• [Prompt]:
Take the line with "Mauve Purple - Wide Leg Trousers" as the first and the last line of the data as the end. Write out both and every line between exactly, except pictures.

• [Recorded data]:
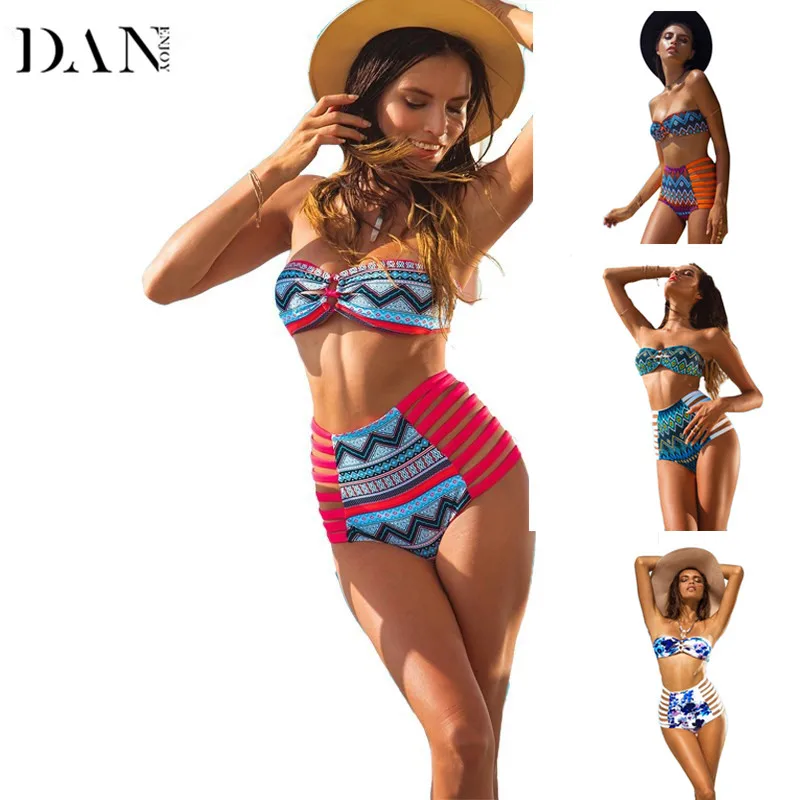 

DANENJOY Bandeau Bikini Print Swimsuit Strappy Swimwear Women Push Up Bathing Suit Large Brazilian Bandage Beachwear 2018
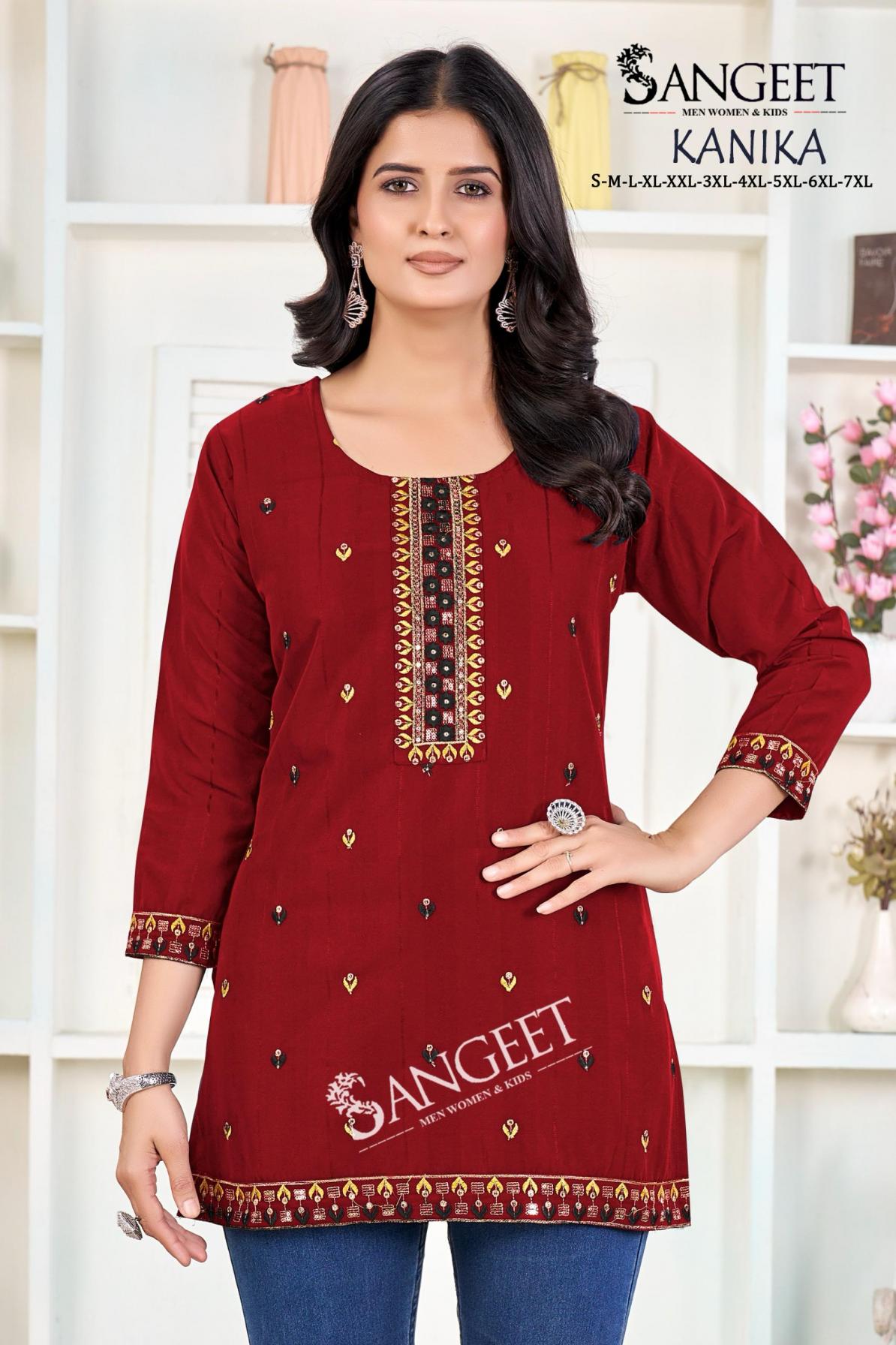 SANGEET KANIKA RAYON POPULAR DESIGN FULLY STITCH SHORT KURTIS ONLINE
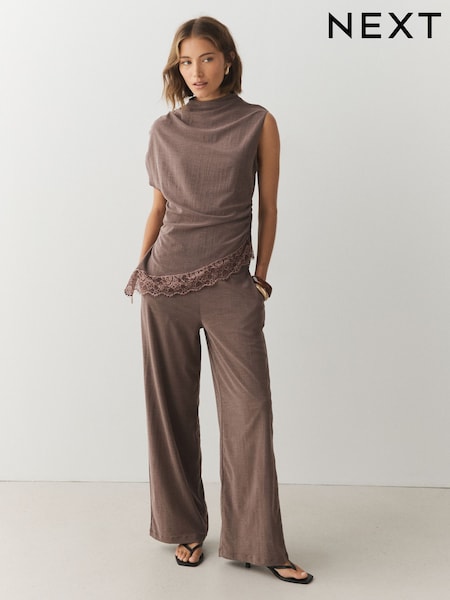 Mauve Purple - Wide Leg Trousers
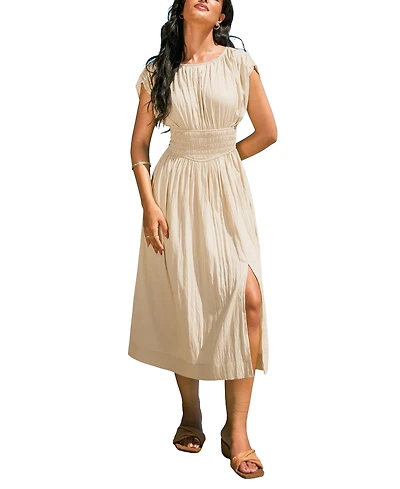 Cupshe Women's Push Your Luck Khaki Midi Beach Dress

• [Finished exercise]:
 Mauve Purple - Wide Leg Trousers
 Cupshe Women's Push Your Luck Khaki Midi Beach Dress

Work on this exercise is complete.